--- TASK MATERIAL ---

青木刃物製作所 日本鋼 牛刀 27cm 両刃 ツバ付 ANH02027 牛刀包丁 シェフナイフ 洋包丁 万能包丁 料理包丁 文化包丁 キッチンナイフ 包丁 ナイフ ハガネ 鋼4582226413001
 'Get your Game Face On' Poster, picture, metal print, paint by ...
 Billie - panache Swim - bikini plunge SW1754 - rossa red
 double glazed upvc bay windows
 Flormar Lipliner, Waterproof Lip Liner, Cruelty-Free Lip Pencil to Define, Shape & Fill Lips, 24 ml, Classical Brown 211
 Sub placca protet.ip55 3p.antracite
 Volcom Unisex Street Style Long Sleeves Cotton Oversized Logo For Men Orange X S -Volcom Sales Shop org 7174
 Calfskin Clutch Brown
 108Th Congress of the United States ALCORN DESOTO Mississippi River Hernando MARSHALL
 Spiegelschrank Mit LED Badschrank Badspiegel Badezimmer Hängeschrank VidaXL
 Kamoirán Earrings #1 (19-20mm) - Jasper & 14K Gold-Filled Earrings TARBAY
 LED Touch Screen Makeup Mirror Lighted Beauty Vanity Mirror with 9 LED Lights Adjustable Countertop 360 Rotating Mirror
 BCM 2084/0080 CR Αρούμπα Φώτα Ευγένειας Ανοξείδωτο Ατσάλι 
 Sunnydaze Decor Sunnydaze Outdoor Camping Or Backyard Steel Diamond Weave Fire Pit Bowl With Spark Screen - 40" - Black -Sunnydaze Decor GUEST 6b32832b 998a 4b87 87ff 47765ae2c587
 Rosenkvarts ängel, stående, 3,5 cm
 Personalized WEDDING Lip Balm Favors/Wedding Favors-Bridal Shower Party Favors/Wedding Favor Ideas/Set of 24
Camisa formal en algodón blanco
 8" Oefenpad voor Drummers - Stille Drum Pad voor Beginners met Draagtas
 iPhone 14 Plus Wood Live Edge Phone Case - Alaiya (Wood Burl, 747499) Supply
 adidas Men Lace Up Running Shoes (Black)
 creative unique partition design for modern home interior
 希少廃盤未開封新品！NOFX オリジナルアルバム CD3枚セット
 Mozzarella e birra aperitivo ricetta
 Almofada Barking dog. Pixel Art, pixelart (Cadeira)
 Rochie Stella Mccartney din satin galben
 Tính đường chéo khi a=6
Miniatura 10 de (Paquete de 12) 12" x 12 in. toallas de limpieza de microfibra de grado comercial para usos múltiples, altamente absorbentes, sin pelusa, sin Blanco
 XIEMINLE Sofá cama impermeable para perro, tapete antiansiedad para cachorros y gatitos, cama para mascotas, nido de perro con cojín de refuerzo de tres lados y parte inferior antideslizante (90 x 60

---

## TRY IT:
Find each line in the records that includes the word "Black". Report the total and nothing more.

## EXERCISE ANSWER:
2